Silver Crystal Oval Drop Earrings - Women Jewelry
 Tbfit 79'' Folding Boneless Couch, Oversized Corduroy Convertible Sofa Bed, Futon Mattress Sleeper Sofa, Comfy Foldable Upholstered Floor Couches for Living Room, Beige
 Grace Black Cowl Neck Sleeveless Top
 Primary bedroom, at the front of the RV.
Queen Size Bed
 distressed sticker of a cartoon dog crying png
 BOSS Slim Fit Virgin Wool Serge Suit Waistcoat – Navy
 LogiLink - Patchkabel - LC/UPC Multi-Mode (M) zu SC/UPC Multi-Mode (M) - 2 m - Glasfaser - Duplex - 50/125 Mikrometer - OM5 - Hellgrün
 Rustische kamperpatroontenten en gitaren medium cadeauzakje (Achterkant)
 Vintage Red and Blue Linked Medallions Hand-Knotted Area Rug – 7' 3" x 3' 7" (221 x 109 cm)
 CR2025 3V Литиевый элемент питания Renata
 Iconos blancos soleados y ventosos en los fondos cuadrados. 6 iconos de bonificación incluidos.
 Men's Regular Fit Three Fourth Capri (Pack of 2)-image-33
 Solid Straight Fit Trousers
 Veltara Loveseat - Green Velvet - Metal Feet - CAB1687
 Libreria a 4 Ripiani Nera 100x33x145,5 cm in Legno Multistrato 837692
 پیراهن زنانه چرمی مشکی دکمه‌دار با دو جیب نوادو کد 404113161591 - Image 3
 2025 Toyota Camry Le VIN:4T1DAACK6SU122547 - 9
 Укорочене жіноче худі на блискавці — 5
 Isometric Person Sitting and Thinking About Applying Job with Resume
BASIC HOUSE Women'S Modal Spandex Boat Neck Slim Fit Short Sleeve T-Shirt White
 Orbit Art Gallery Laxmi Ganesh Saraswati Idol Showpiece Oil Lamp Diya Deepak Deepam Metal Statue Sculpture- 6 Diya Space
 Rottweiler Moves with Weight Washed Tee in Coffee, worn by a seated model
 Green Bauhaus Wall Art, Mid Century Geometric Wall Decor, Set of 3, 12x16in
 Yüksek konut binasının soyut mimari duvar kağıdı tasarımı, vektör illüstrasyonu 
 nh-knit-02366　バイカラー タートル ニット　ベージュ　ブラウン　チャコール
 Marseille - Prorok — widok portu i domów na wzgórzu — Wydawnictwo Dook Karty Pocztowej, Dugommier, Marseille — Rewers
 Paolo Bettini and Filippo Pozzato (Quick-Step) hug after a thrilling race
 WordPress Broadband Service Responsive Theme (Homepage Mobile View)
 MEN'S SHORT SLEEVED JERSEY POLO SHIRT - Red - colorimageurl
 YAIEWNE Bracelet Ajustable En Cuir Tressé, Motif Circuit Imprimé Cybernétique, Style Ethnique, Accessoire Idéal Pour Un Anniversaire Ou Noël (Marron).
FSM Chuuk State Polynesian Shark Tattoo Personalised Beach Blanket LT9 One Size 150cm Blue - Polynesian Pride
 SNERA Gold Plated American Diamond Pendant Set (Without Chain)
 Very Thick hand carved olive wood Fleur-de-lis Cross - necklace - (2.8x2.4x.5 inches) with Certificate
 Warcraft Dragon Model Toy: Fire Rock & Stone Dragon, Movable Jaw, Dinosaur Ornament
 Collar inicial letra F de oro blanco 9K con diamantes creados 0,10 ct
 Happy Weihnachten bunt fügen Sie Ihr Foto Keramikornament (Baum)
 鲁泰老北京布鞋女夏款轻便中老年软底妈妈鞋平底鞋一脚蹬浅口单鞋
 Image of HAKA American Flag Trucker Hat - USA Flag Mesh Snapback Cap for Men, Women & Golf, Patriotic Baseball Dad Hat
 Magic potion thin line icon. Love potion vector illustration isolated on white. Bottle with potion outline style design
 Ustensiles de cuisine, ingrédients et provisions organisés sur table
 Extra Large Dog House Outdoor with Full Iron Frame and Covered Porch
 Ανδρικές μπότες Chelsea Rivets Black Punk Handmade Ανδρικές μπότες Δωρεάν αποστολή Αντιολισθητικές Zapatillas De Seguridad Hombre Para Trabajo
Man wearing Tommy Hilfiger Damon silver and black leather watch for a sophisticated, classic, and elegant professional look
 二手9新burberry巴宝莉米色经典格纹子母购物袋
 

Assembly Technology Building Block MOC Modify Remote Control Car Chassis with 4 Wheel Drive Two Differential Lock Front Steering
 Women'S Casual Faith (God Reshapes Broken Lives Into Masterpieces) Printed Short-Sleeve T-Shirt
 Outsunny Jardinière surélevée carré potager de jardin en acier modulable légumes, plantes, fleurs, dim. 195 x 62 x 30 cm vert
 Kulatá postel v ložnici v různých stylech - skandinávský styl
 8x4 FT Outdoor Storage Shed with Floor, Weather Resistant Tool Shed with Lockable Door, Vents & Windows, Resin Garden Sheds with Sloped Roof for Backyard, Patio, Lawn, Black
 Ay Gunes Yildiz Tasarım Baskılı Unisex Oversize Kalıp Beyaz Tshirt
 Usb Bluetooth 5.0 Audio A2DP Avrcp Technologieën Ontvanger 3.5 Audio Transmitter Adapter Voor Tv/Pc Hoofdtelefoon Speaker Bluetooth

★ ★ ★ ★ ★ ★ ★

In the listing above, find the line with "BASIC HOUSE Women'S" and the line with "二手9新burberry巴宝莉米色经典格纹子母购物袋"; set down exactly those two lines and every line between them, nothing more.

| Answer section |
BASIC HOUSE Women'S Modal Spandex Boat Neck Slim Fit Short Sleeve T-Shirt White
 Orbit Art Gallery Laxmi Ganesh Saraswati Idol Showpiece Oil Lamp Diya Deepak Deepam Metal Statue Sculpture- 6 Diya Space
 Rottweiler Moves with Weight Washed Tee in Coffee, worn by a seated model
 Green Bauhaus Wall Art, Mid Century Geometric Wall Decor, Set of 3, 12x16in
 Yüksek konut binasının soyut mimari duvar kağıdı tasarımı, vektör illüstrasyonu 
 nh-knit-02366　バイカラー タートル ニット　ベージュ　ブラウン　チャコール
 Marseille - Prorok — widok portu i domów na wzgórzu — Wydawnictwo Dook Karty Pocztowej, Dugommier, Marseille — Rewers
 Paolo Bettini and Filippo Pozzato (Quick-Step) hug after a thrilling race
 WordPress Broadband Service Responsive Theme (Homepage Mobile View)
 MEN'S SHORT SLEEVED JERSEY POLO SHIRT - Red - colorimageurl
 YAIEWNE Bracelet Ajustable En Cuir Tressé, Motif Circuit Imprimé Cybernétique, Style Ethnique, Accessoire Idéal Pour Un Anniversaire Ou Noël (Marron).
FSM Chuuk State Polynesian Shark Tattoo Personalised Beach Blanket LT9 One Size 150cm Blue - Polynesian Pride
 SNERA Gold Plated American Diamond Pendant Set (Without Chain)
 Very Thick hand carved olive wood Fleur-de-lis Cross - necklace - (2.8x2.4x.5 inches) with Certificate
 Warcraft Dragon Model Toy: Fire Rock & Stone Dragon, Movable Jaw, Dinosaur Ornament
 Collar inicial letra F de oro blanco 9K con diamantes creados 0,10 ct
 Happy Weihnachten bunt fügen Sie Ihr Foto Keramikornament (Baum)
 鲁泰老北京布鞋女夏款轻便中老年软底妈妈鞋平底鞋一脚蹬浅口单鞋
 Image of HAKA American Flag Trucker Hat - USA Flag Mesh Snapback Cap for Men, Women & Golf, Patriotic Baseball Dad Hat
 Magic potion thin line icon. Love potion vector illustration isolated on white. Bottle with potion outline style design
 Ustensiles de cuisine, ingrédients et provisions organisés sur table
 Extra Large Dog House Outdoor with Full Iron Frame and Covered Porch
 Ανδρικές μπότες Chelsea Rivets Black Punk Handmade Ανδρικές μπότες Δωρεάν αποστολή Αντιολισθητικές Zapatillas De Seguridad Hombre Para Trabajo
Man wearing Tommy Hilfiger Damon silver and black leather watch for a sophisticated, classic, and elegant professional look
 二手9新burberry巴宝莉米色经典格纹子母购物袋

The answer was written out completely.